Stored records:
══════

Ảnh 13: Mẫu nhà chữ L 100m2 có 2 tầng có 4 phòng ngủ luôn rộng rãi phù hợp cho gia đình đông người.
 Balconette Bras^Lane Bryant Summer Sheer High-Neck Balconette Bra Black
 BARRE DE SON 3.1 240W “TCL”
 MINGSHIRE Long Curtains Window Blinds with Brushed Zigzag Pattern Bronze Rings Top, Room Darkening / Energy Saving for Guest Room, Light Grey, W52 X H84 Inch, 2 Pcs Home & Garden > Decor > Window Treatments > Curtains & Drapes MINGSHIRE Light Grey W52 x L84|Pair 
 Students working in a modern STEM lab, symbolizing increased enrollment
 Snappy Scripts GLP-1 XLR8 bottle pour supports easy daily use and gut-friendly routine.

══════

* Exercise instructions
Copy all the records above precisely.

* Solved problem
Ảnh 13: Mẫu nhà chữ L 100m2 có 2 tầng có 4 phòng ngủ luôn rộng rãi phù hợp cho gia đình đông người.
 Balconette Bras^Lane Bryant Summer Sheer High-Neck Balconette Bra Black
 BARRE DE SON 3.1 240W “TCL”
 MINGSHIRE Long Curtains Window Blinds with Brushed Zigzag Pattern Bronze Rings Top, Room Darkening / Energy Saving for Guest Room, Light Grey, W52 X H84 Inch, 2 Pcs Home & Garden > Decor > Window Treatments > Curtains & Drapes MINGSHIRE Light Grey W52 x L84|Pair 
 Students working in a modern STEM lab, symbolizing increased enrollment
 Snappy Scripts GLP-1 XLR8 bottle pour supports easy daily use and gut-friendly routine.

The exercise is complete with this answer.